PROVIDED INFORMATION:
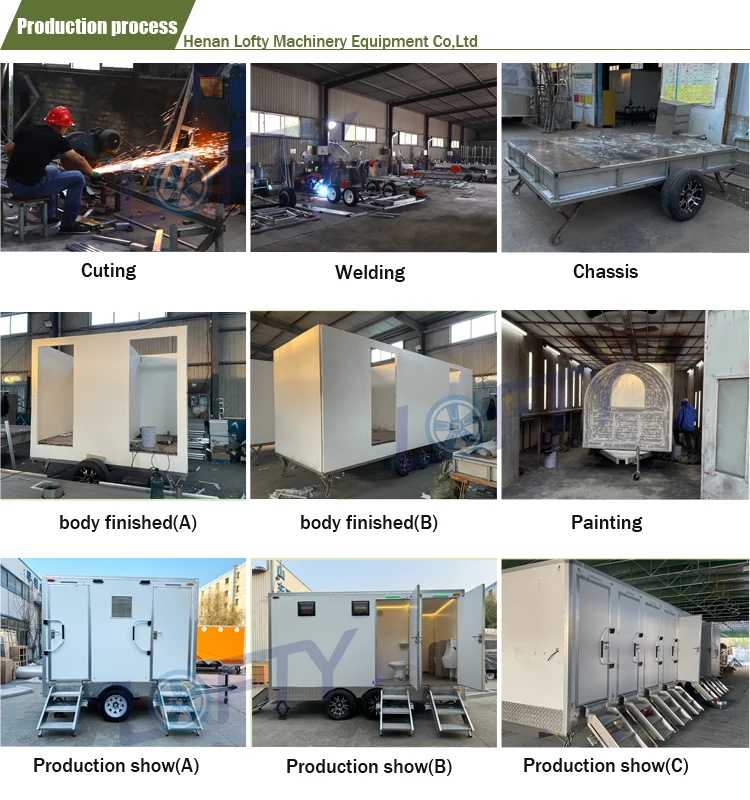 Portable Prefab Rent Outdoor Restroom Trailer Mobile Toilet Portable Restroom Shower Toilet Trailer for Sale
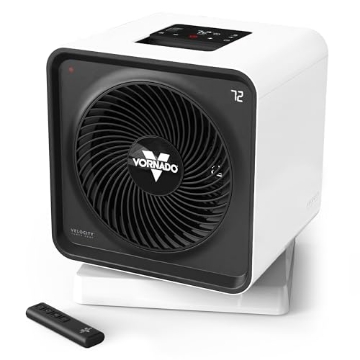 Picture of VORNADO AIR LLC EH1-0219-43 Vornado Velocity CUBE 5 OSC Whole Room Space Heater with 70º Oscillation, Remote Control, Vortex Heat Circulation, LED Touch Controls, 1-12 Hour Timer, Advanced Safety, Auto-Climate Control, White (EA)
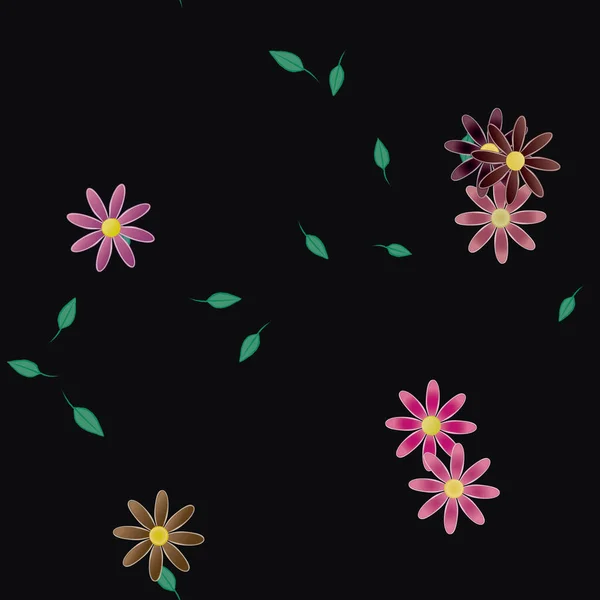 Flores Con Hojas Fondo Sin Costuras Ilustración Vectorial — Vector de stock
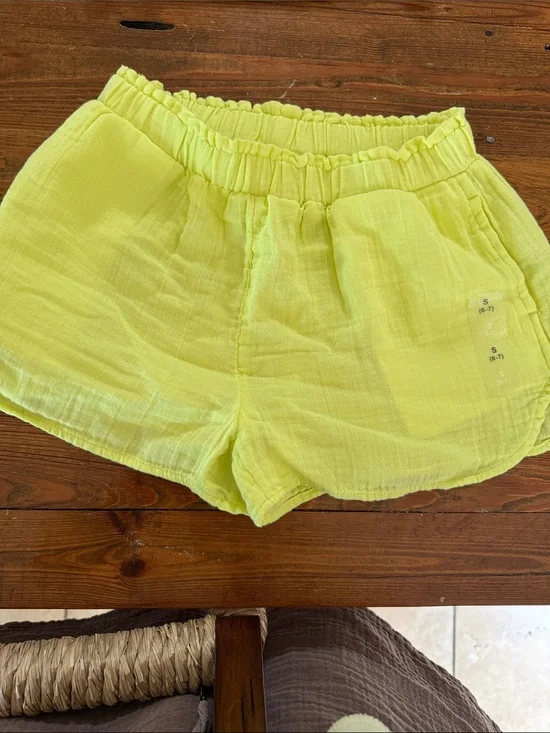 GAP Pale Yellow Elastic-Waist Kids Shorts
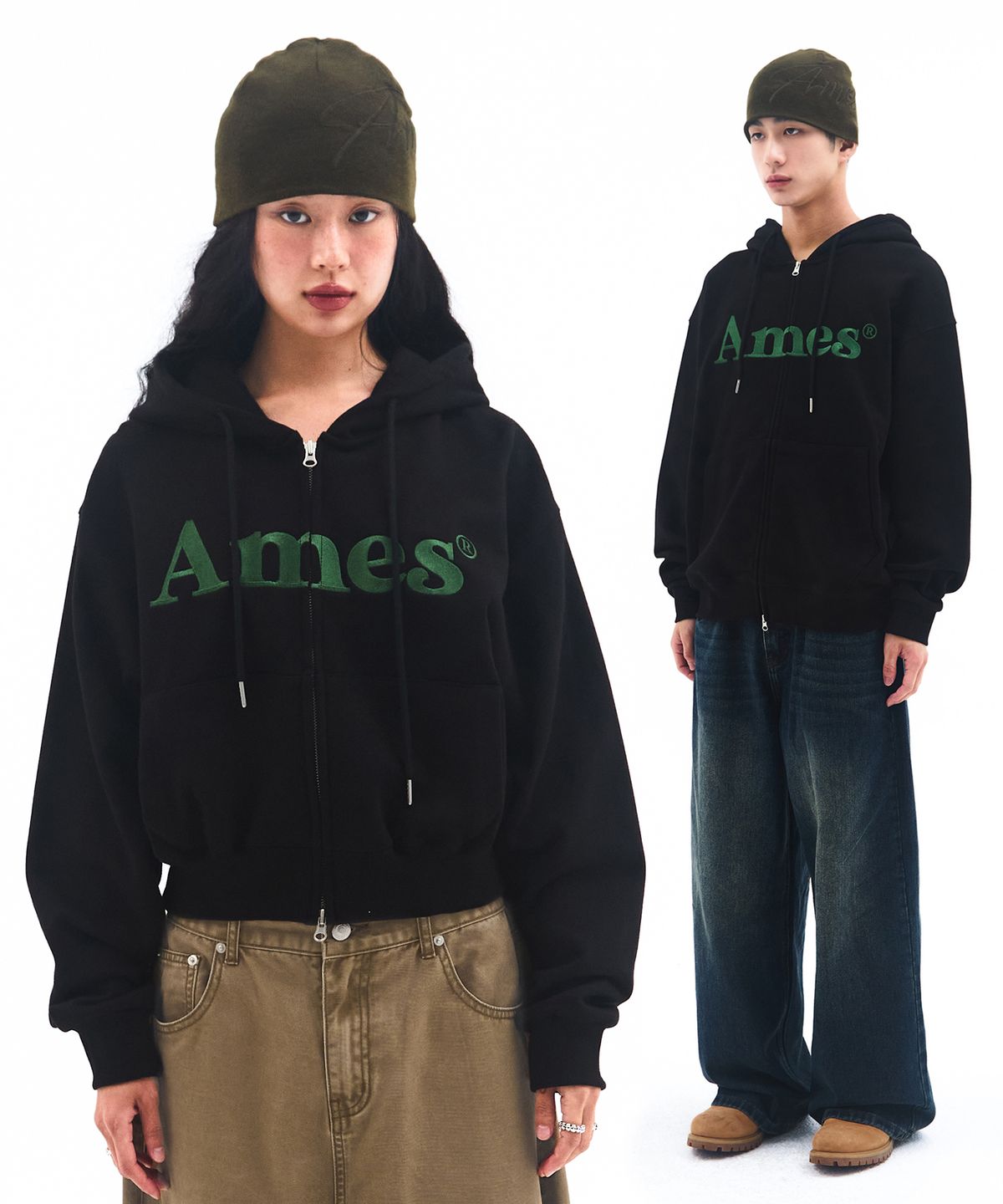 아메스 월드와이드(AMES-WORLDWIDE) BASIC LOGO HOODIE ZIP UP BLACK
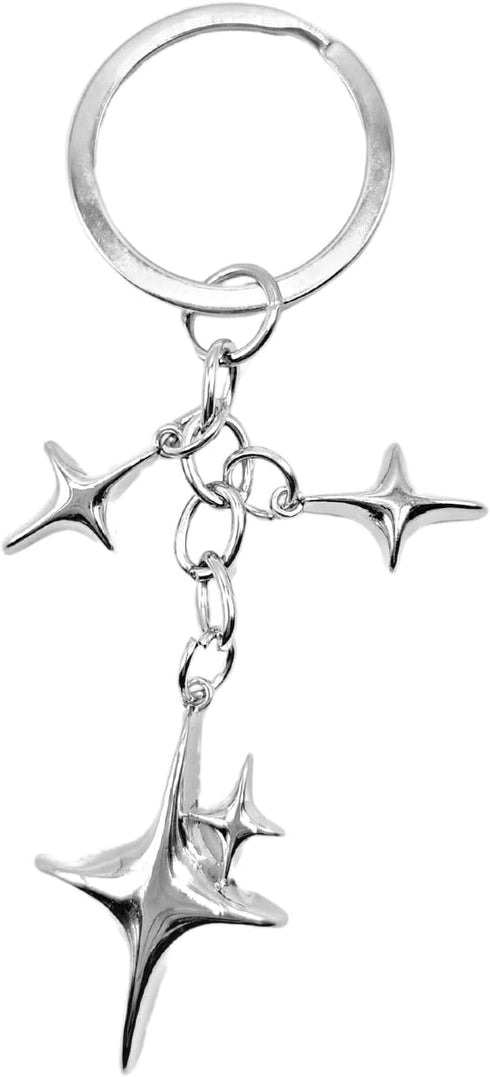 Cute Star Moon Keychain Aesthetic Accessories Stainless Steel Key Ring Purse Handbag Backpack Bag Charms Car Holder...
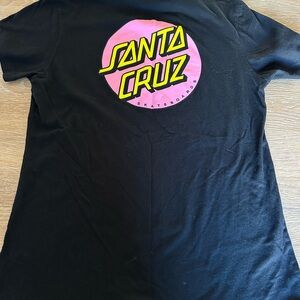 Santa Cruz Skateboards Women’s Slim Tee in Black with Pink Logo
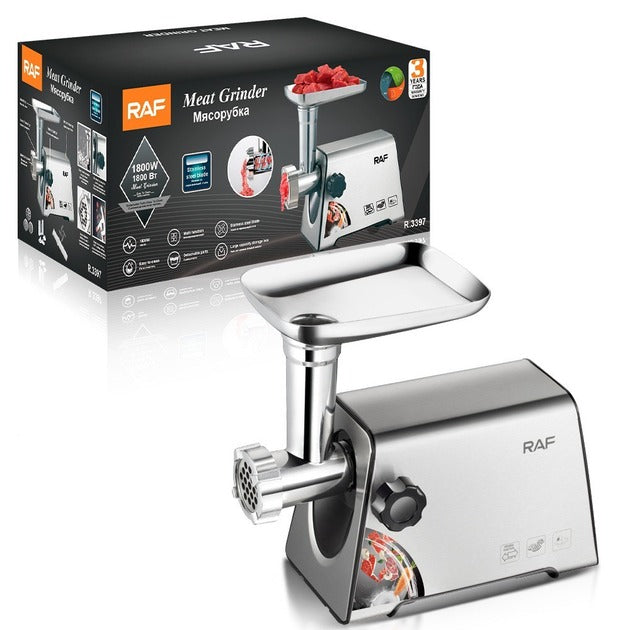 RAF Electric Meat Grinder – 1800W, R.3397, Metal Body, Sausage Attachment
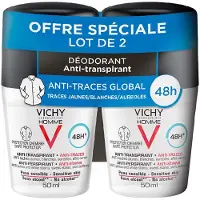 VICHY Homme Deodorant 48h Antitranspirant Roll-On, 2 x 50ml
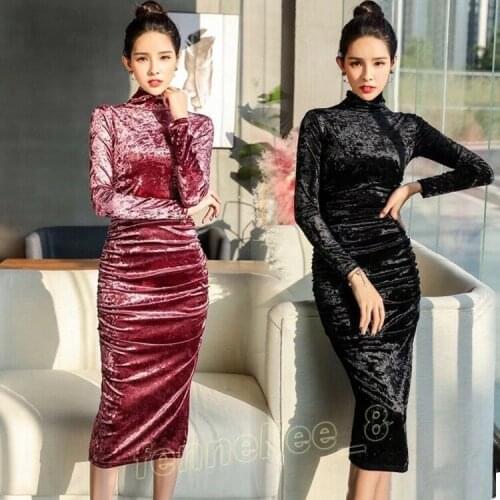 Ladies Velvet Slim Turtleneck Long Sleeve Cocktail Gown Party Dress Cheongsam XJ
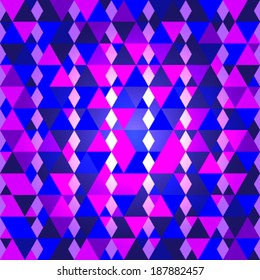 Seamless Purple Background with triangle shapes. Vector.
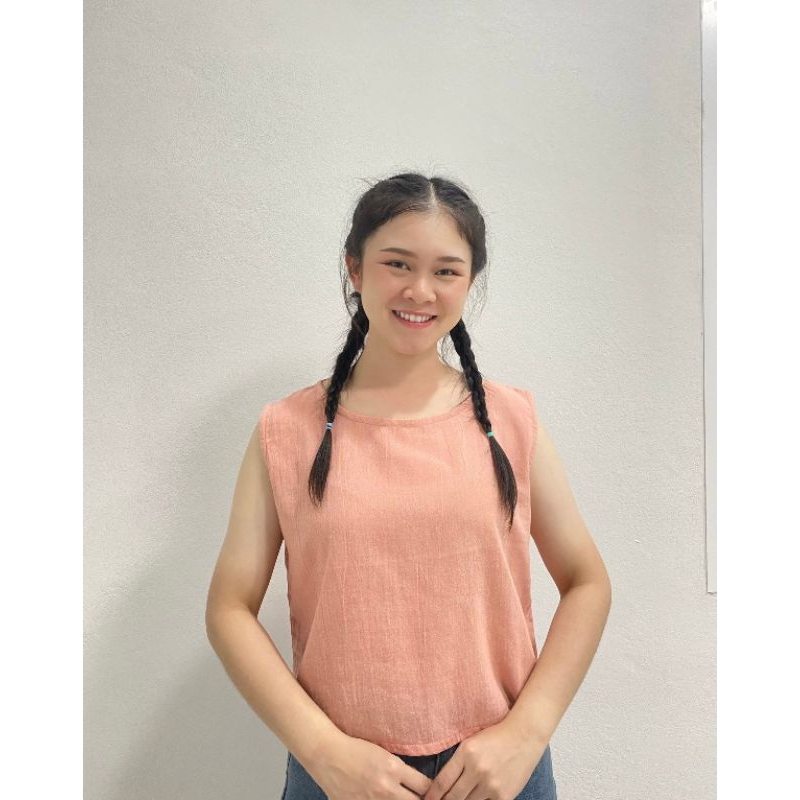 เสื้อแขนเลย ผ้าฝ้ายพื้นเมืองฟอกนิ่ม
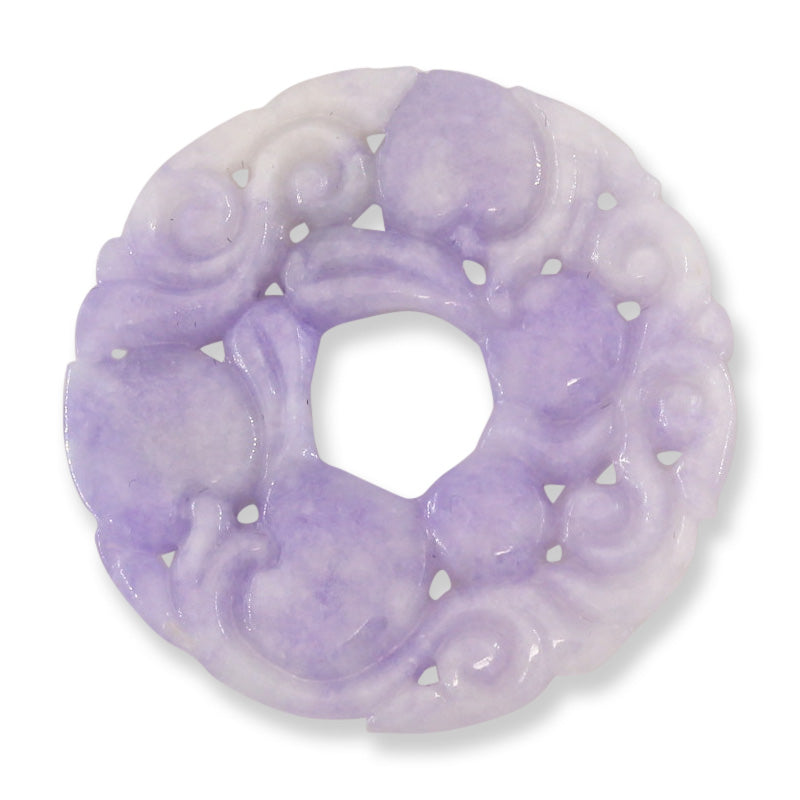 Lavender Jadeite Jade Carved Loose Pi Disc Pendant  | Jade Donut | UPC #401051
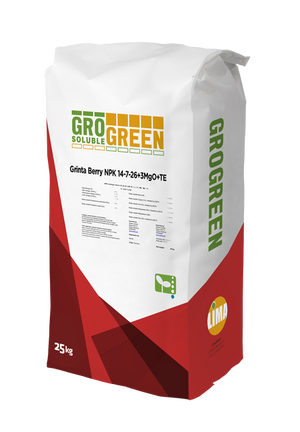 Удобрение ГроГрин (GroGreen)  Гринта Берри NPK 14-7-26 + 3Mg + TE, 25 кг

THE PROBLEM: Should a picture appear among the entries above, omit it and repeat everything else exactly.

OUTPUT:
 Portable Prefab Rent Outdoor Restroom Trailer Mobile Toilet Portable Restroom Shower Toilet Trailer for Sale
 Picture of VORNADO AIR LLC EH1-0219-43 Vornado Velocity CUBE 5 OSC Whole Room Space Heater with 70º Oscillation, Remote Control, Vortex Heat Circulation, LED Touch Controls, 1-12 Hour Timer, Advanced Safety, Auto-Climate Control, White (EA)
 Flores Con Hojas Fondo Sin Costuras Ilustración Vectorial — Vector de stock
 GAP Pale Yellow Elastic-Waist Kids Shorts
 아메스 월드와이드(AMES-WORLDWIDE) BASIC LOGO HOODIE ZIP UP BLACK
 Cute Star Moon Keychain Aesthetic Accessories Stainless Steel Key Ring Purse Handbag Backpack Bag Charms Car Holder...
 Santa Cruz Skateboards Women’s Slim Tee in Black with Pink Logo
 RAF Electric Meat Grinder – 1800W, R.3397, Metal Body, Sausage Attachment
 VICHY Homme Deodorant 48h Antitranspirant Roll-On, 2 x 50ml
 Ladies Velvet Slim Turtleneck Long Sleeve Cocktail Gown Party Dress Cheongsam XJ
 Seamless Purple Background with triangle shapes. Vector.
 เสื้อแขนเลย ผ้าฝ้ายพื้นเมืองฟอกนิ่ม
 Lavender Jadeite Jade Carved Loose Pi Disc Pendant  | Jade Donut | UPC #401051
 Удобрение ГроГрин (GroGreen)  Гринта Берри NPK 14-7-26 + 3Mg + TE, 25 кг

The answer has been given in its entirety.